# Generate dataset

In [114]:
import numpy as np
import pandas as pd
import time

def generate_dataset(num_rows, noise_std=0.1):
    """
    Generate a dataset with:
    - Two discrete features
    - One categorical feature
    - One continuous feature
    - One output variable using all input features in a Gaussian-like function with noise
    
    Parameters:
    num_rows (int): Number of rows in the dataset.
    noise_std (float): Standard deviation of Gaussian noise added to the output.
    
    Returns:
    pd.DataFrame: Generated dataset.
    """
    # Features
    discrete_1 = np.random.randint(0, 10, size=num_rows)
    discrete_2 = np.random.randint(10, 20, size=num_rows)
    categories = ['A', 'B', 'C', 'D']
    categorical = np.random.choice(categories, size=num_rows)
    continuous = np.random.uniform(0, 1, size=num_rows)
    
    # Encode categorical feature numerically for output calculation
    cat_encoded = np.array([categories.index(c) for c in categorical])
    
    # Combine all features into a Gaussian-like function
    # Example: y = exp(-((sum(features) - mu)^2) / (2*sigma^2)) + noise
    mu, sigma = 15, 5  # Adjusted for combined scale
    combined = discrete_1 + discrete_2 + cat_encoded + continuous * 10
    gaussian = np.exp(-((combined - mu)**2) / (2 * sigma**2))
    noise = np.random.normal(0, noise_std, size=num_rows)
    output = gaussian + noise
    
    # Create DataFrame
    df = pd.DataFrame({
        'Discrete_1': discrete_1,
        'Discrete_2': discrete_2,
        'Category': categorical,
        'Continuous': continuous,
        'Output': output
    })
    
    return df

# Example usage:
dataset = generate_dataset(8000, noise_std=0.15)
dataset

Unnamed: 0,Discrete_1,Discrete_2,Category,Continuous,Output
0,2,18,D,0.898475,0.062552
1,7,18,D,0.354075,0.133161
2,0,18,B,0.044252,0.671380
3,8,16,A,0.704172,-0.103393
4,4,19,D,0.154523,0.062806
...,...,...,...,...,...
7995,5,14,D,0.797775,0.005291
7996,0,19,C,0.829475,0.050867
7997,0,19,A,0.075825,0.560174
7998,7,13,D,0.639071,-0.076605


In [104]:
dataset.describe()

Unnamed: 0,Discrete_1,Discrete_2,Continuous,Output
count,8000.0,8000.0,8000.0,8000.0
mean,4.513,14.52725,0.50118,0.234775
std,2.846022,2.879851,0.289118,0.321154
min,0.0,10.0,0.000176,-0.610115
25%,2.0,12.0,0.250725,0.008506
50%,5.0,15.0,0.506726,0.156155
75%,7.0,17.0,0.750012,0.398382
max,9.0,19.0,0.999809,1.439014


# Comparison between cpu-gpu

In [None]:
from tensorflow.python.client import device_lib

def get_available_gpus():
    local_device_protos = device_lib.list_local_devices()
    return [x.name for x in local_device_protos if x.device_type == 'GPU']

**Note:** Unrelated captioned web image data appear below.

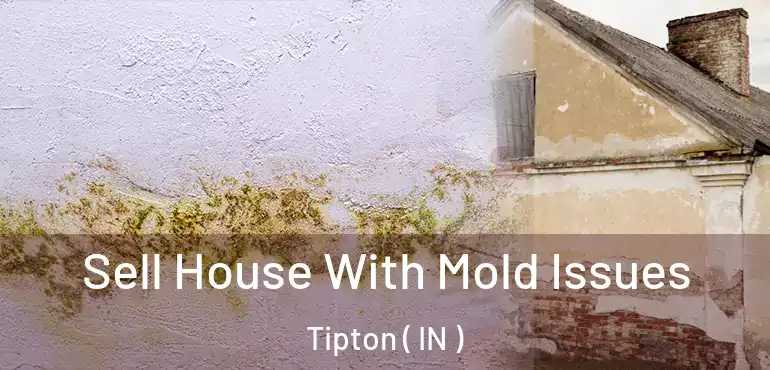 Sell House With Mold Issues Tipton ( IN )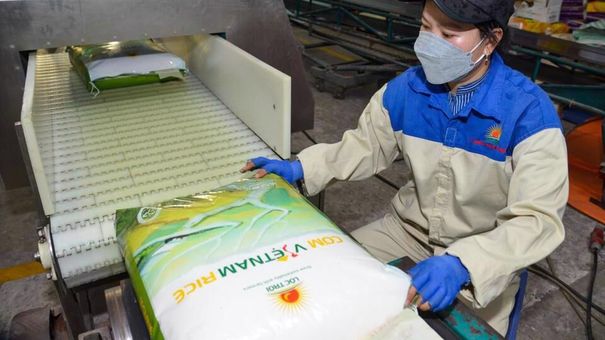 Xuất khẩu gạo tăng cao kỷ lục cả về sản lượng và giá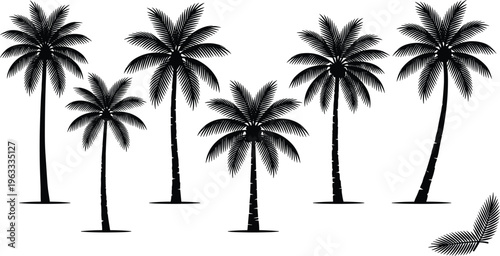 Palm tree silhouettes vector set tropical coconut trees black isolated summer beach nature collection clipart illustration design elements bundle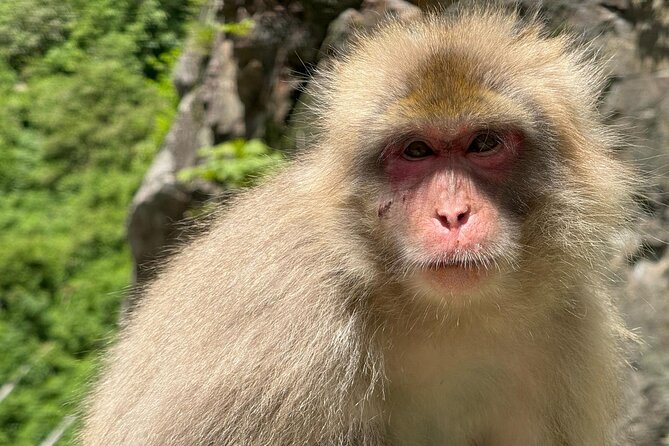 Snow Monkey Park, Soba Lunch and Shibu Onsen Tour - Is $97.82 a fair price?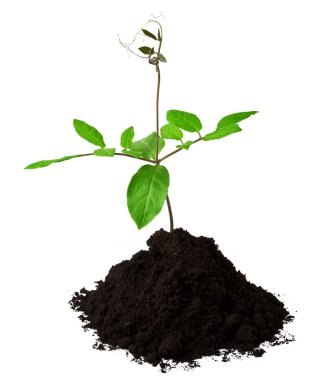 küçük cobaea scandens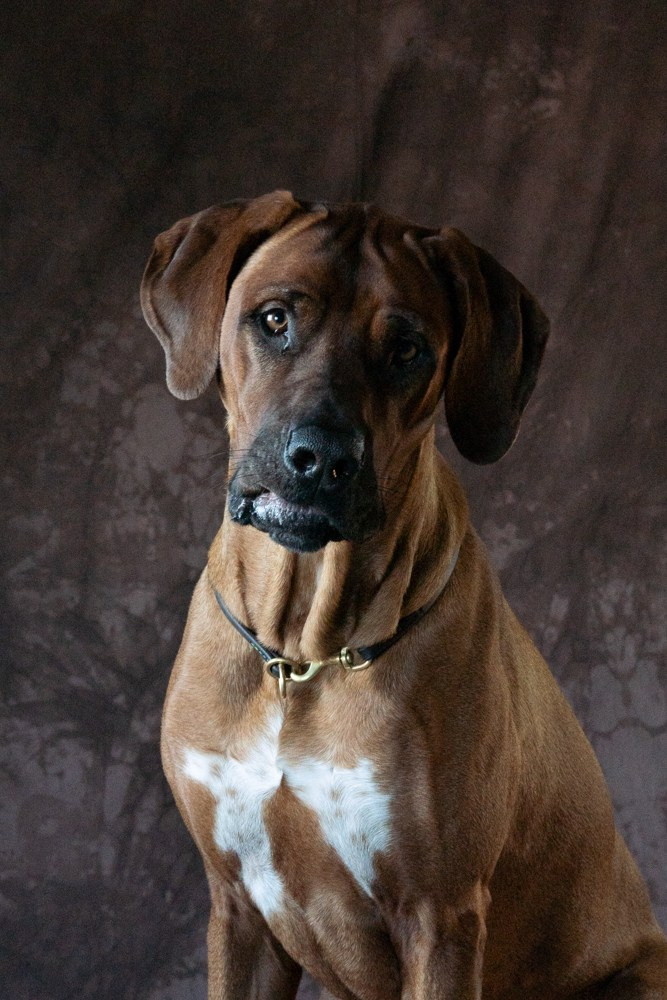 Photoshooting dog, studio fotografico, fotogafia cani a Riccione. Fotografa a Riccione, ritratti di bambini e famiglia, animali domestici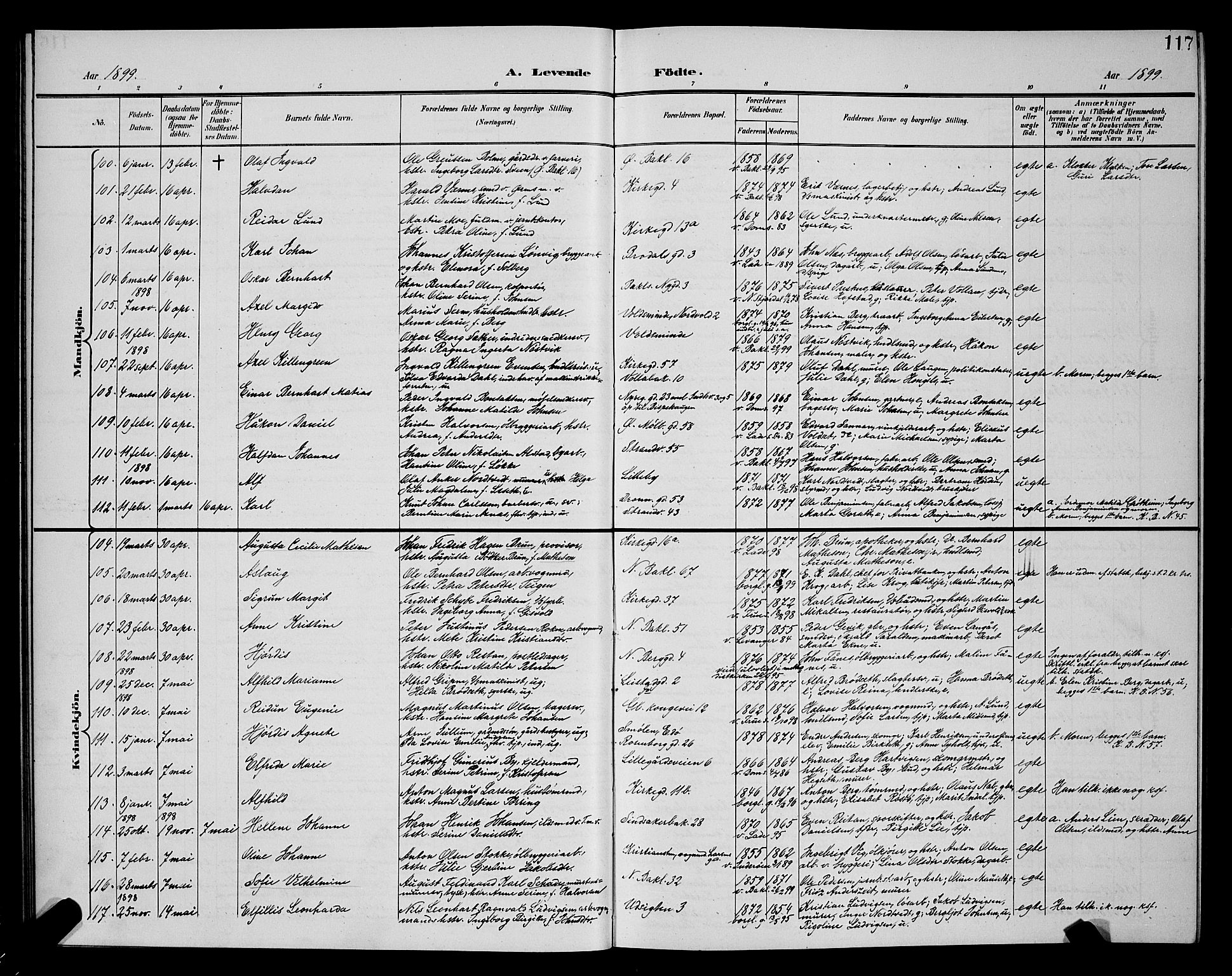 Ministerialprotokoller, klokkerbøker og fødselsregistre - Sør-Trøndelag, AV/SAT-A-1456/604/L0225: Parish register (copy) no. 604C08, 1895-1899, p. 117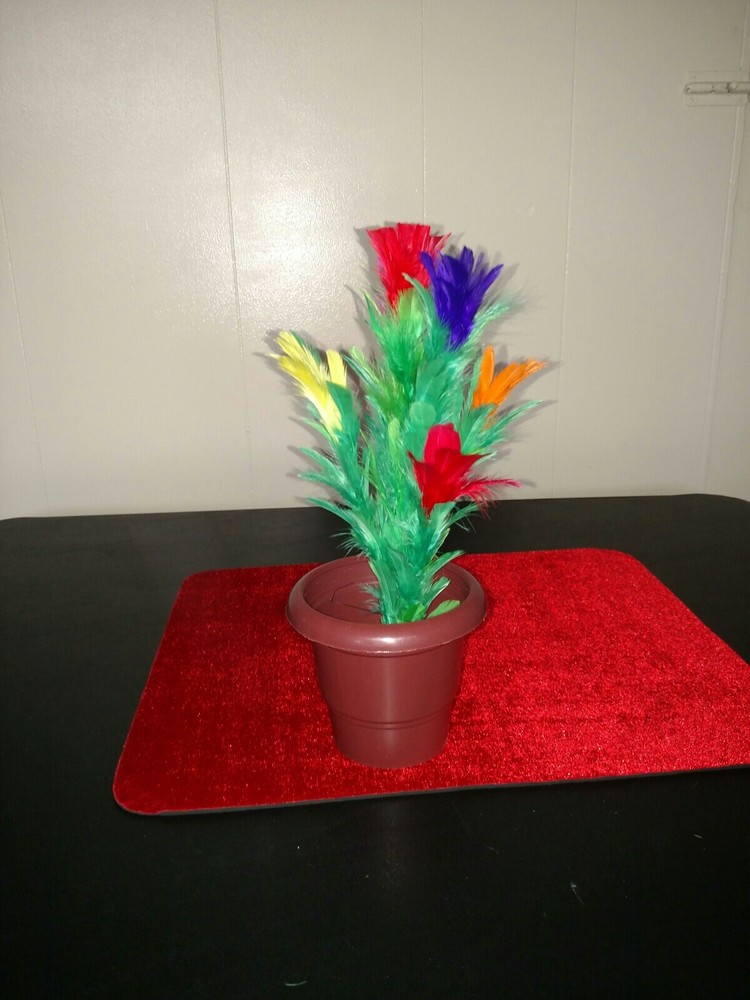 Antigravity Flower In Pot. Magic. Tricks. Illusion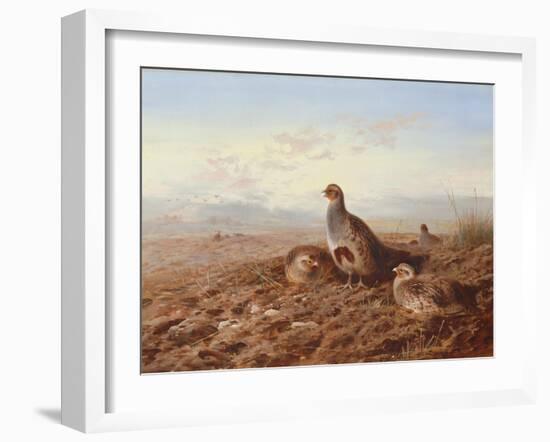 Partridges Amongst Stubble, 1900 watercolor-Archibald Thorburn-Framed Giclee Print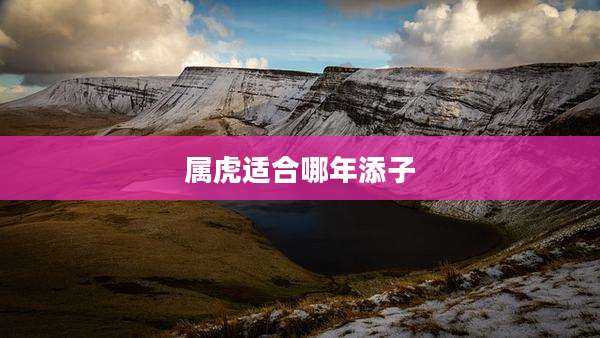 属虎适合哪年添子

num_gpu_available = len(get_available_gpus())
print("Num GPUs Available: ", num_gpu_available)
device_lib.list_local_devices()

In [None]:
dataset_all = generate_dataset(100000, noise_std=0.15)

In [None]:
from autogluon.tabular import TabularPredictor
from sklearn.model_selection import train_test_split
import time

results = pd.DataFrame(columns=['num_rows', 'cpu_time', 'gpu_time', 'cpu_rmse', 'gpu_rmse', 
                                'cpu_disk_usage', 'cpu_disk_usage_opt', 'cpu_opt_rmse',
                                'gpu_disk_usage', 'gpu_disk_usage_opt', 'gpu_opt_rmse'])

for num_rows in [100, 500, 1000, 5000, 10000, 50000, 100000]:
    dataset = dataset_all.iloc[:num_rows,:].copy()
    train, test = train_test_split(dataset, test_size=0.3, shuffle=False)

    presets = ['medium_quality']

    # Only cpu
    start_time = time.time()
    predictor = TabularPredictor(label='Output', problem_type='regression', eval_metric='rmse', path='./ag-generatedDataset',verbosity=1
                                     ).fit(train_data=train, excluded_model_types=['GBM'], presets=presets)
    end_time = time.time()

    cpu_time = end_time - start_time
    cpu_rmse = predictor.evaluate(test)['root_mean_squared_error']
    cpu_disk_usage = predictor.disk_usage()/1e6

    # CPU opt
    path_opt = predictor.clone_for_deployment('./ag-generatedDataset-opt', dirs_exist_ok=True)
    predictor_opt = TabularPredictor.load(path=path_opt)
    cpu_disk_usage_opt = predictor_opt.disk_usage()/1e6
    cpu_opt_rmse = predictor_opt.evaluate(test)['root_mean_squared_error']

    # Cpu+GPU
    presets = ['medium_quality']
    start_time = time.time()
    predictor = TabularPredictor(label='Output', problem_type='regression', eval_metric='rmse', path='./ag-generatedDataset',verbosity=1
                                     ).fit(train_data=train, excluded_model_types=['GBM'], presets=presets, ag_args_fit={"num_cpus": 0, "num_gpus": num_gpu_available})
    end_time = time.time()

    gpu_time = end_time - start_time
    gpu_rmse = predictor.evaluate(test)['root_mean_squared_error']
    gpu_disk_usage = predictor.disk_usage()/1e6

    # GPU opt
    path_opt = predictor.clone_for_deployment('./ag-generatedDataset-opt', dirs_exist_ok=True)
    predictor_opt = TabularPredictor.load(path=path_opt)
    gpu_disk_usage_opt = predictor_opt.disk_usage()/1e6
    gpu_opt_rmse = predictor_opt.evaluate(test)['root_mean_squared_error']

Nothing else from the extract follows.